The following charts have been forked or re-created in this repository following
our guidelines for forking

Redis

With the 3.0 release of the GitLab Helm chart, we no longer fork the upstream Redis chart,
and instead include it as a dependency.

Redis HA

Redis-HA was a chart we included in our releases prior to 3.0 . It has now been removed,
and replaced with upstream Redis chart
which has added optional HA support.

MinIO

Our MinIO chart was altered from the upstream MinIO.

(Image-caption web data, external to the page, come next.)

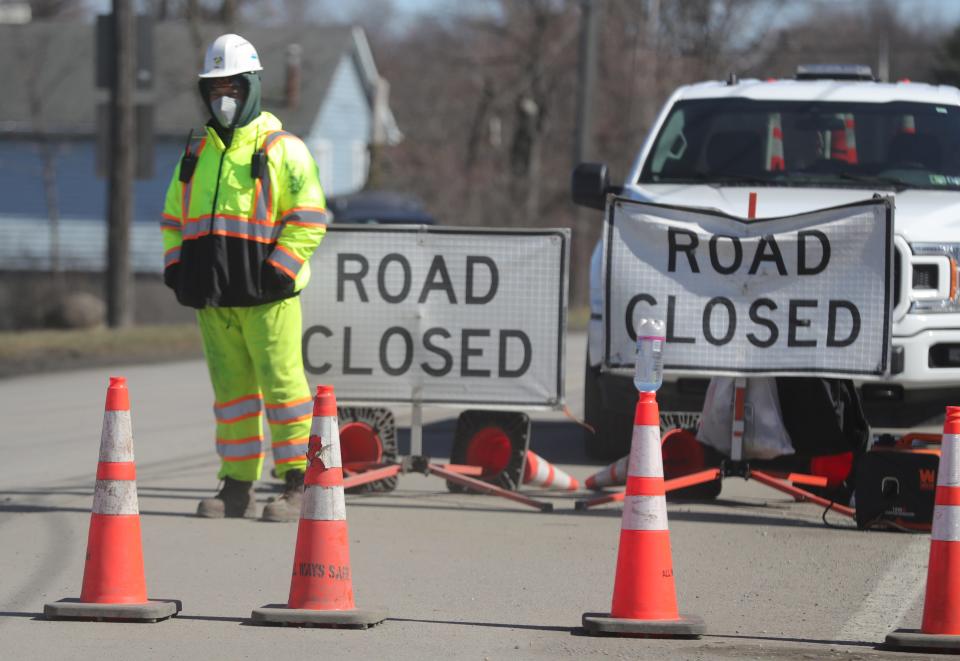 A worker keeps watch near the East Taggert Street railroad crossing as cleanup from a Norfolk Southern derailment continues on Tuesday, March 7, 2023 in East Palestine.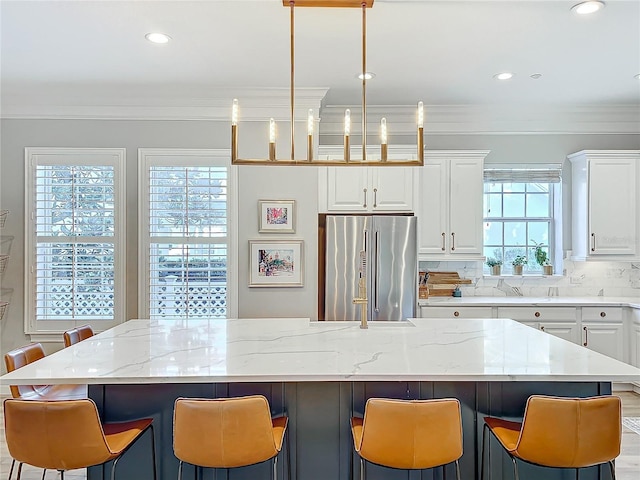 kitchen with tasteful backsplash, crown molding, white cabinets, and high end fridge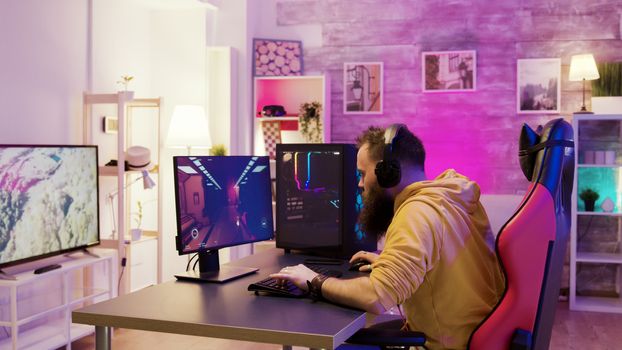 Successful man playing online video games in a room with colorful neons. Man sitting on gaming chair.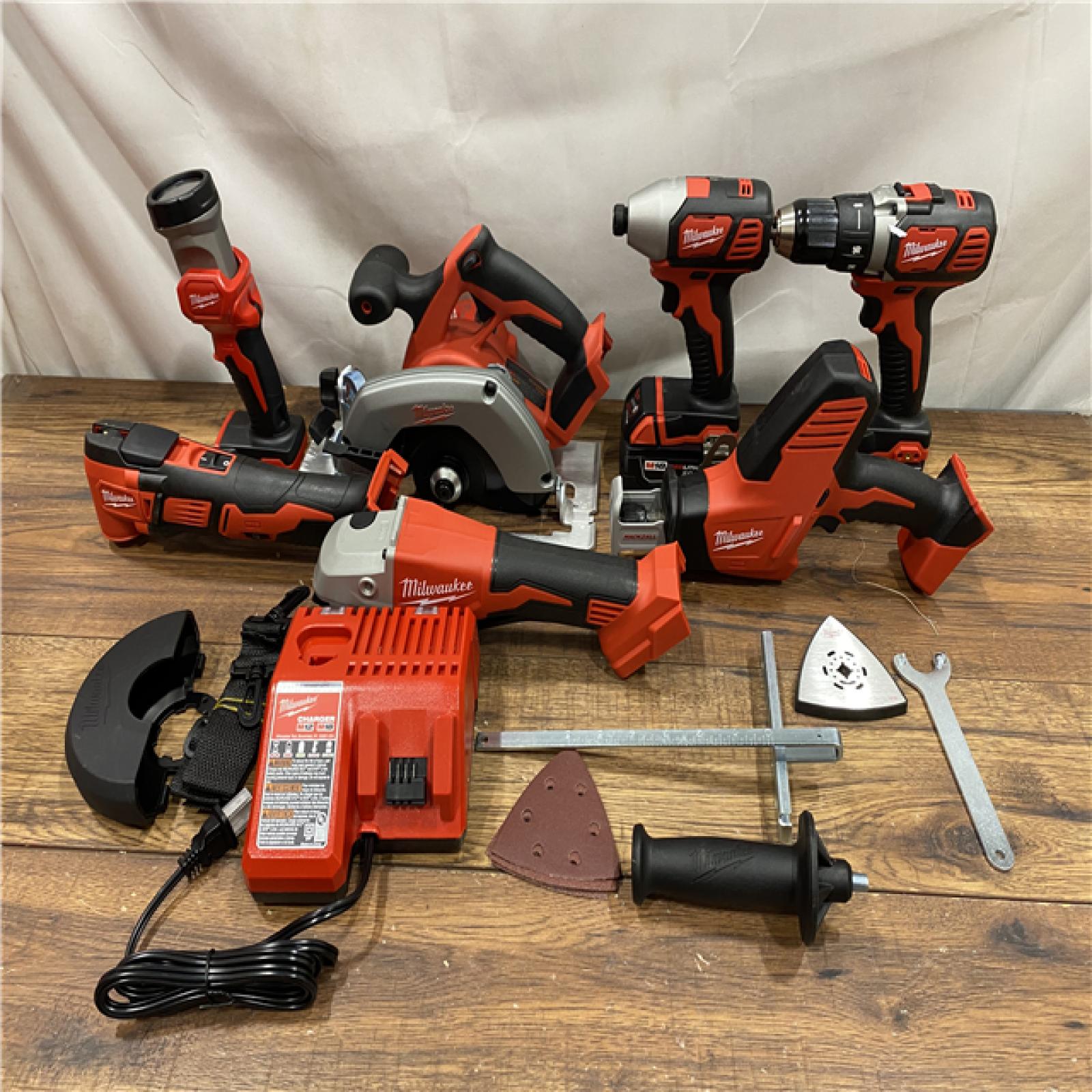 AS IS Milwaukee M18 18-Volt Lithium-Ion Cordless Combo Kit 7-Tool with 2-Batteries, Charger and Tool Bag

  • Make use of pre-existing Kubernetes secrets instead of creating new ones from properties.
  • Remove providing the sensitive keys via Environment.
  • Automate the creation of multiple buckets via defaultBuckets in place of
    defaultBucket.* properties.

registry

Our registry chart was altered from the upstream docker-registry .


  • Enable the use of in-chart MinIO services automatically.
  • Automatically hook authentication to the GitLab services.

NGINX Ingress

Our NGINX Ingress chart was altered from the upstream NGINX Ingress.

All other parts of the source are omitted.